I have my own CU story, one in which a page recently turned. Bruce Curtis, my former professor, mentor, adviser and friend, passed away in February at age 93. He exemplified the best of what our faculty can be: an expert in his field, an exemplary scientist, a caring teacher, and a well-rounded and humble man with a dry wit and deep kindness. He was a person who brought out the best in his students and stimulated and engaged them in learning in ways that extended far beyond the classroom. Bruce influenced generations of geologists, including me.
|Bruce Curtis, center, helped dedicate the building named for him in 2002. (File photo by Larry Harwood/University of Colorado)
I transferred to CU from Cornell in 1961 to pursue my passion for petroleum geology. I found in Bruce Curtis a man whose career as the Rocky Mountain regional exploration manager for Continental preceded and informed his three decades teaching at CU. He blended theoretical knowledge with practical experience in his teaching, and he had a tremendous impact on my life and career.

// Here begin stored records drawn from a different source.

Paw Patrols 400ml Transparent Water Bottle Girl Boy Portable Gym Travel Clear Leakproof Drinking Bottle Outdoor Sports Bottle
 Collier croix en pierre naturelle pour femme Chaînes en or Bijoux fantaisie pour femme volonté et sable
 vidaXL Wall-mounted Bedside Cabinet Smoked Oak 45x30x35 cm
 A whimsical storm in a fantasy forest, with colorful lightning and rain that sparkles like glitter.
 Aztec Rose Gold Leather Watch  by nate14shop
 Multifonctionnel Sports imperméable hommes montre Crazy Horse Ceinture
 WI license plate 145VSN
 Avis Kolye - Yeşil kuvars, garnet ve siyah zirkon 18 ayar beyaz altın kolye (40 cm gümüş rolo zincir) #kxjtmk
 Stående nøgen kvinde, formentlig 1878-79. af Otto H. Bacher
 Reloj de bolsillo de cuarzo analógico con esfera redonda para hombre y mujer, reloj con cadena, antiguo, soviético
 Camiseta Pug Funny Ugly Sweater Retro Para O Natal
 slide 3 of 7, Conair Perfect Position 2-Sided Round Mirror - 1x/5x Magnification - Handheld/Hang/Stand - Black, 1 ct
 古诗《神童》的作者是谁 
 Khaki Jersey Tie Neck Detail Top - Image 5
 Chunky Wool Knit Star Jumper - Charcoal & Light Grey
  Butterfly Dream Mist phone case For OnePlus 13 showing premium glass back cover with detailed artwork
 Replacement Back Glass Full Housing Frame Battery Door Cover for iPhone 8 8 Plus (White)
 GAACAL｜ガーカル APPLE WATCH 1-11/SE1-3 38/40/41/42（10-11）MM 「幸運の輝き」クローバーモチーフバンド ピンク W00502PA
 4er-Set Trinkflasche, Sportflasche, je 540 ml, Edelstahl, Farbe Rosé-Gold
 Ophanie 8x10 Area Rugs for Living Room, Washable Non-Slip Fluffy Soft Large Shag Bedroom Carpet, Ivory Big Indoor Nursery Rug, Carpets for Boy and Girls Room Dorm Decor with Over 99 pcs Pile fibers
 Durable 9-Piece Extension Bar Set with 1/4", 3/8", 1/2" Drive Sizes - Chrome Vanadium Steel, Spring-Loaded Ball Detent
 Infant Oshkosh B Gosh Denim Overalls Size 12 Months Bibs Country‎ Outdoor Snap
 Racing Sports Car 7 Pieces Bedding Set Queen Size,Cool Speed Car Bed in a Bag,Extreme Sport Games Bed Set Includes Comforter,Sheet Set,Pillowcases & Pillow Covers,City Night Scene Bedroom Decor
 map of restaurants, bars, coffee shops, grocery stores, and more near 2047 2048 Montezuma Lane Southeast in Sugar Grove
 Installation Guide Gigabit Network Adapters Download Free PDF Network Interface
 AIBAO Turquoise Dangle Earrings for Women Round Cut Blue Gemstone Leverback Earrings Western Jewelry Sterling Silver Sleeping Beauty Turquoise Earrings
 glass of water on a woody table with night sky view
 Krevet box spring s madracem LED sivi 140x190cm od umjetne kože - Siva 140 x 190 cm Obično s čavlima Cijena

After I earned my bachelor's degree, I began pursuing a master's while also starting my company. Starting a company may sound exciting, but the reality was I was drilling for oil in Kansas with no helper using a junk rig mounted on a beat-up truck. Yet when I showed Bruce what I was doing as we discussed progress on my master's, he suggested that I keep drilling. It was sound, practical advice from someone whose experiences told him that, although heading back to the classroom can be immensely valuable, in this instance the work I was doing in the field was also of great value. I put my studies on hold and put Bruce's lessons to work in the field. I don't regret that decision.
I know Bruce Curtis had a similar effect on many of my fellow CU geology students. He was one of those professors whose influence you feel years after leaving the university. Many of my fellow geology alumni still carry notes from his class some 20 years after graduating. As Mary Kraus, former chair of CU-Boulder's Department of Geological Sciences, noted, Bruce knew full well that students come seeking higher education, but he also recognized faculty have the obligation to engage them in the learning process to ensure students get the best of themselves and the best of their education.
His success doing so led two of his former students in 2001 to establish the Bruce Curtis Graduate Fellowship. It has supported nine students to date and aims to get to $1.5 million, which will support two students annually. It is a fitting legacy for a man whose life and career had a positive effect on generations of students.
In addition to supporting that effort, I was pleased to have an additional opportunity to honor his impact on my life. In 2002, I contributed to the effort to refurbish the old geology building, which was home to the geology department, into a museum. When CU officials asked me about naming it, I could think of no better name than the Bruce F. Curtis Museum Studies Building. In typical fashion, Bruce was overwhelmed by the honor and humbly appreciative.
CU has thousands of stories similar to mine. We are fortunate to have faculty who not only are exemplary teachers and researchers, but also caring people who engage students and have a profound influence on their lives that extends far beyond the university. I know from experience that CU stories are at the heart of what makes our university great.